When conducting an investigation to elucidate the root cause of ISR failure, initial steps to consider may include the following:

• Review of assay documentation to identify any errors in the conduct of the method, sample sequence, use and expiration of critical reagents, sample dilutions, sample extraction (e.g., LC/MS), or instrument set-up.

• For LC/MS methods, review of chromatograms with a focus on data processing, peak responses, and possible contamination.

• Special attention should be paid to trends apparent within or between individual subjects, runs, or even studies, taking into consideration potential impact of specific matrix effects.

A variety of approaches may be taken to resolve ISR failures depending on the initial investigation findings. Key decision points and acceptance criteria should be detailed in the investigation plan, which should be updated as additional information becomes available. The investigation plan and summary should be subject to appropriate review and approval. It is recognized, however, that each case will be unique and the investigation approach and path forward may vary.

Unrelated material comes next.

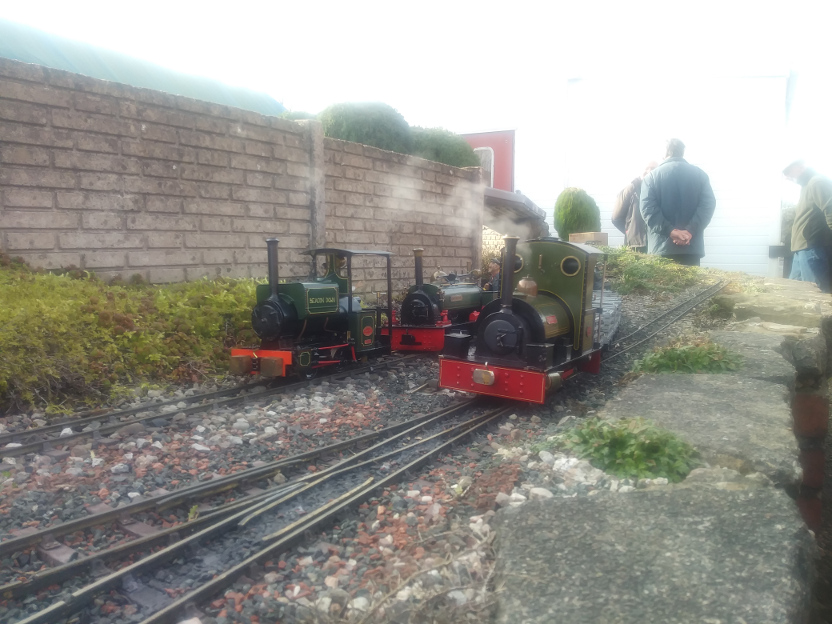 Early Spring Wednesday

Corrective actions taken to address investigation findings will also vary from case to case but could include one or more of the following:

• Repeat of one or more ISR runs.

• Reassay of all samples initially assayed in a production run that is confirmed problematic by ISR and investigation.

• Change of sample handling procedure to minimize the impact of instability of analyte(s) or their metabolites (e.g., phase II conjugates).

• Redevelopment of the bioanalytical method (sample preparation, critical reagent selection, chromatography, etc.) followed by assay revalidation and sample reanalysis.

• Conduct of additional personnel training.

In general, any event not pre-defined in a SOP should be addressed in the investigation based on scientific rationale, and related corrective action should be discussed in the analytical report.

The A7 HT discussed the treatment of ISR failures for individual samples at length but could not reach consensus on a recommendation for dealing with these results when the overall ISR meets acceptance criteria. Two of the common approaches for dealing with individual ISR failures that were discussed are provided below:

• Conduct investigations or reanalysis of samples where the difference between the original and ISR result is >x% of their mean (preference for the value of x varied between team members, but values between 30 and 50% were most common).

• No investigation or reanalysis of individual ISR failures is performed unless a pharmacokineticist requests reanalysis due to incongruity.

One key area of debate was the selection of a non-arbitrary threshold for triggering the investigation of an individual ISR failure. Also discussed was the concept that ISR is conducted to identify systematic errors and investigation of individual ISR failures expands the quality control aspects of ISR beyond that scope and, therefore, may not be warranted.

CONCLUSION

The A7 HT used white papers, regulatory guidance, and discussions at scientific meetings to review and assess common practices for repeat analysis and ISR during regulated bioanalysis. Through these efforts, the team has developed best practice recommendations for repeat analysis and ISR with the aim of progressing toward international harmonization. While a few topics remain where a single consensus approach was not reached, alignment was achieved on the majority of issues, and the team feels the current recommendations provide the foundation for alignment of international practices during regulated bioanalysis.